**ABOUT THIS TASK:**
Could you count the lines below that include the word "English" and give only the number?

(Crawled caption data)
■ ■ ■ ■
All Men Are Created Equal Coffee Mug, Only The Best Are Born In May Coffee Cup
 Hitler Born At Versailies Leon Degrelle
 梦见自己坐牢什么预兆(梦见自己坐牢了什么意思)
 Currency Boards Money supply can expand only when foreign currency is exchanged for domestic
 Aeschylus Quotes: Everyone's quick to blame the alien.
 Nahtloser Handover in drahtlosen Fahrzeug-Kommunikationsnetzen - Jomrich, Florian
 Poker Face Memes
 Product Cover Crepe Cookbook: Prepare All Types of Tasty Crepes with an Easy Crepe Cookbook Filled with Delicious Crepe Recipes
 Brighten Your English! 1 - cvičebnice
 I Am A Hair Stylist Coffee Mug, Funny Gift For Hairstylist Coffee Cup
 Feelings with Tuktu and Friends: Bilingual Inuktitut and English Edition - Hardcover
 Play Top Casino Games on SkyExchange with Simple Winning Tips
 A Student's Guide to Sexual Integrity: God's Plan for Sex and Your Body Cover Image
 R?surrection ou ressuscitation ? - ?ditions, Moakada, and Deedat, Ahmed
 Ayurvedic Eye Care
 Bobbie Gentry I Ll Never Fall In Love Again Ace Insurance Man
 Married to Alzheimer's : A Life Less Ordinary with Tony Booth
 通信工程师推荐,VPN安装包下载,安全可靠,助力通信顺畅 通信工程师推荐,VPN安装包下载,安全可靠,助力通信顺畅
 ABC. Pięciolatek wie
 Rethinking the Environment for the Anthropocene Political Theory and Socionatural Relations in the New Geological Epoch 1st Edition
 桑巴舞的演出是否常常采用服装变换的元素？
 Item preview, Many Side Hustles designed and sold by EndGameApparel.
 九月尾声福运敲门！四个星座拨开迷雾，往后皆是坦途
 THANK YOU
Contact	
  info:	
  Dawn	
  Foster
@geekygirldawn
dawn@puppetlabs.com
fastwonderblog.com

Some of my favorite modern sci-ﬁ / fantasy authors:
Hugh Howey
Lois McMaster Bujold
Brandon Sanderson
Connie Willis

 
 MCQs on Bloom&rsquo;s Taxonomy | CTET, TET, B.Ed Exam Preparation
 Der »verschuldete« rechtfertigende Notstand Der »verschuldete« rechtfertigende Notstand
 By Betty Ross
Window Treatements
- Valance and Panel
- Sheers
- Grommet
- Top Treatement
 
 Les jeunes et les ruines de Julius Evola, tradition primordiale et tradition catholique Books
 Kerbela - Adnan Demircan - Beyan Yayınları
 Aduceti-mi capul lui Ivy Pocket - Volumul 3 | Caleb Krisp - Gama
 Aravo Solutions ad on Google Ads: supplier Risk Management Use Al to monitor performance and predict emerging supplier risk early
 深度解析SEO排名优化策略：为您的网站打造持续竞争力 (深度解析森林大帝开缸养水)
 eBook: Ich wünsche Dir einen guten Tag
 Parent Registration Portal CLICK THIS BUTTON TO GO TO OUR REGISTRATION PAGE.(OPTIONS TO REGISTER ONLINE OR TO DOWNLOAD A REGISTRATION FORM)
■ ■ ■ ■
**EXERCISE RESPONSE:**
2